というのも、小型ロボット掃除機は、手で持ち上げて各部屋まで持っていくので、他の家電と違って、ふれあいがあり身近に感じたからだ。

 

 さらに、とても優秀な家電だった。私が念入りに掃除機掛けをするよりも、よほど綺麗に埃を取ってくれる。ルンバが掃除機がけをしてくれる間に、別の作業も出来るようになり、時間に余裕ができた。空いた時間を休憩時間としてティータイムを楽しむ事も出来た。

 

 ところが、使い始めて一か月も立たないうちにルンバは故障してしまい、ほぼ毎日、勝手に起動してしまうようになった。ルンバを動かす前に、部屋をセットしておかないと却って部屋を荒らされてしまう事もある。ルンバとの順調な生活は急に暗礁に乗り上げた。

 

 使用説明書を熟読したが、対処方法がわからず、サポートを申し込む程の故障でもない。困った私は、熱心にルンバに話しかけるようになった。

『ルンバ、せめて2年は使いたいのよ。頑張ってね』とか、『ルンバ、あなたのお陰で助かっているのよ。ありがとう』とか、心を込めて話しかけた。

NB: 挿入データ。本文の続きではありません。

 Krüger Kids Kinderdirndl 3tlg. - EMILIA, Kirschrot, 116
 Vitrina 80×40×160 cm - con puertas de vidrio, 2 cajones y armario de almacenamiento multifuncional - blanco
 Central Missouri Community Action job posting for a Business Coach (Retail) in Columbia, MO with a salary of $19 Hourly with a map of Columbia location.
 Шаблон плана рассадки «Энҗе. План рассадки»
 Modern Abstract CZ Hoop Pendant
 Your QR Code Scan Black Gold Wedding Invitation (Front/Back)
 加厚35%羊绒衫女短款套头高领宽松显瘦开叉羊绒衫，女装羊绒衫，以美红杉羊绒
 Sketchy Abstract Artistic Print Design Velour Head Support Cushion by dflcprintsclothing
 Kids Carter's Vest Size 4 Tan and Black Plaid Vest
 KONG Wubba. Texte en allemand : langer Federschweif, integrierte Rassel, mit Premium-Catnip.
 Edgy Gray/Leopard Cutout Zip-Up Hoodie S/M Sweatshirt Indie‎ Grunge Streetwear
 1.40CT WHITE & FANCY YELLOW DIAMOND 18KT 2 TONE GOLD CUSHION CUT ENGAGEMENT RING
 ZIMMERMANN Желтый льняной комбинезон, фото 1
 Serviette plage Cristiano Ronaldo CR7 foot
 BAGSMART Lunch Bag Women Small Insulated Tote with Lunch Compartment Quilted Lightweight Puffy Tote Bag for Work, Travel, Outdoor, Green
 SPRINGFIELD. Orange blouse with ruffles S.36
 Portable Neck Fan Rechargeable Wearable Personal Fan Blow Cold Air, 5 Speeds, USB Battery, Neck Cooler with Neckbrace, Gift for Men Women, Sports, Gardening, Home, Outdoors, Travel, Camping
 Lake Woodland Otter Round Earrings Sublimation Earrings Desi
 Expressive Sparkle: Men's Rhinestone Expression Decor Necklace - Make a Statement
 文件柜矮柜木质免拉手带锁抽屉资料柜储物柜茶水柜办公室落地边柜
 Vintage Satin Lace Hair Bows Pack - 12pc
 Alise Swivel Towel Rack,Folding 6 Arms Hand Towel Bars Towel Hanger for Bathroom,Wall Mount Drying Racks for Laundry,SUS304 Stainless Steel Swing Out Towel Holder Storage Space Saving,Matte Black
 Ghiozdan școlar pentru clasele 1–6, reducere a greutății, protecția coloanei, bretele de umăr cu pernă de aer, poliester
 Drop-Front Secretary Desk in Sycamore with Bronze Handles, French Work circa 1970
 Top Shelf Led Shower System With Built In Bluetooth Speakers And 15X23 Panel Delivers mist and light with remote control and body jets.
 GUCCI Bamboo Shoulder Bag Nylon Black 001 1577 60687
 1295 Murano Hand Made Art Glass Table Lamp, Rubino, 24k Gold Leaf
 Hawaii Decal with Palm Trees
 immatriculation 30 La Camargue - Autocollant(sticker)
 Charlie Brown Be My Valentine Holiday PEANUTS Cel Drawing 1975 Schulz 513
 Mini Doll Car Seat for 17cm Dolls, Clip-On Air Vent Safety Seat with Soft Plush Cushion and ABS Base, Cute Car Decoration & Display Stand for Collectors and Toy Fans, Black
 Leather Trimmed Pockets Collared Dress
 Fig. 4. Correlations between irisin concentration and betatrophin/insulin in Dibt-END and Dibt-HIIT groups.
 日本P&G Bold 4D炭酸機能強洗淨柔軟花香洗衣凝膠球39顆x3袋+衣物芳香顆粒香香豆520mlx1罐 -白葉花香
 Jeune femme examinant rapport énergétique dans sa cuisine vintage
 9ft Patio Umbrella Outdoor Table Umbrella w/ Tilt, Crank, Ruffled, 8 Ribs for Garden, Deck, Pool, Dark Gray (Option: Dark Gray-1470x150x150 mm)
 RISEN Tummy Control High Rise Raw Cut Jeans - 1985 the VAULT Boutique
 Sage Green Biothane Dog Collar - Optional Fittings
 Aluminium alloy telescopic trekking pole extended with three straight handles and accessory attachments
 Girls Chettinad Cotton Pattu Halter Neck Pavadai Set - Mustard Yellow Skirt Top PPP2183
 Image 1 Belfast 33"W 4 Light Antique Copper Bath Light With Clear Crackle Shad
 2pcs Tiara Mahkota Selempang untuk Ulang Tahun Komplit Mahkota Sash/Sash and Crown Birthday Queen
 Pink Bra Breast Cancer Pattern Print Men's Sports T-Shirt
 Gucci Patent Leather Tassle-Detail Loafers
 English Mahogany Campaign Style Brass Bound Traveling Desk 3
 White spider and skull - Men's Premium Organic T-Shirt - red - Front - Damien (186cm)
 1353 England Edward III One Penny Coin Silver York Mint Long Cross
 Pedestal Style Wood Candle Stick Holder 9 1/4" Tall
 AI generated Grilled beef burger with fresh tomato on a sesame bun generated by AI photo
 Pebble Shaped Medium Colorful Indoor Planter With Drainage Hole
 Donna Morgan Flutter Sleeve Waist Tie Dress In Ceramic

 すると、それから一か月くらい過ぎた頃、ルンバの故障は治った。家電に話しかけたら機嫌をよくするという、旧来の方法が通じたのだろうか?不思議な気もしたが、ルンバに気持ちが通じた事に私は深く満足した。

 

 それから一年の歳月が過ぎた。ルンバは相変わらずの大活躍で家の中をきれいに掃除してくれている。夫のハウスダストアレルギーもすこぶる調子がいい。

 

 私は、相変わらずルンバに話しかけている。起動時に『よろしくね』家具の下に隠れて作業しているときは『出ておいで』作業が終了した時には『ありがとう』そんな簡単な声掛けだが、四つの部屋と廊下、洗面所にルンバを移動させる事を考えるとなかなかの回数になる。

 

 夫とは、週に一回は酒を酌み交わしながら話をする。身近な事を、ああでもないこうでもないと親しみを込めて話をするのは、夫としか出来ないこと。

 

 だけどルンバは、一日に一番数多く話しかける家族になった。